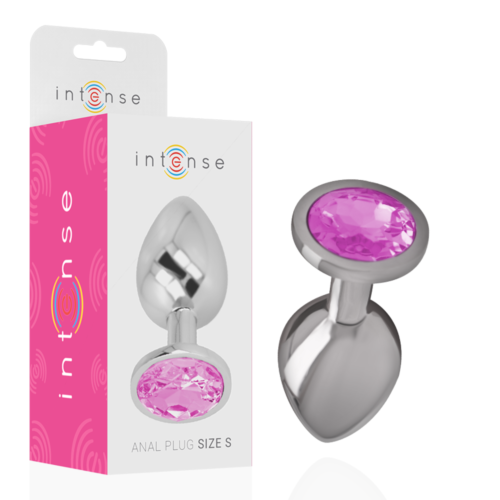 Anal Plug INTENSE Aluminum with Diamond Jewel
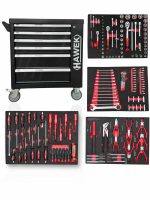 Шкаф с инструменти с 6 чекмеджета – 4 пълни Hawek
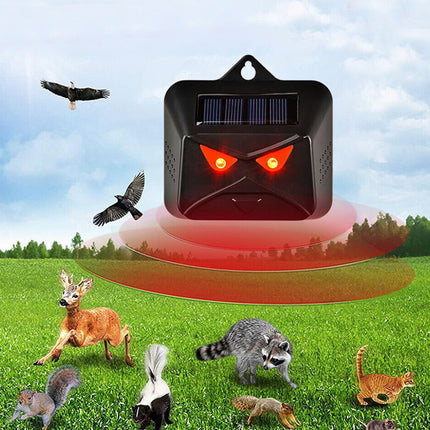 Ultrasonic Solar Pest Repeller 2PCS Cat Dog Fox Scarer Deterrent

What is needed:
Return every line of the listing exactly, leaving its pictures behind.

Response to this exercise:
 Anal Plug INTENSE Aluminum with Diamond Jewel
 Шкаф с инструменти с 6 чекмеджета – 4 пълни Hawek
 Ultrasonic Solar Pest Repeller 2PCS Cat Dog Fox Scarer Deterrent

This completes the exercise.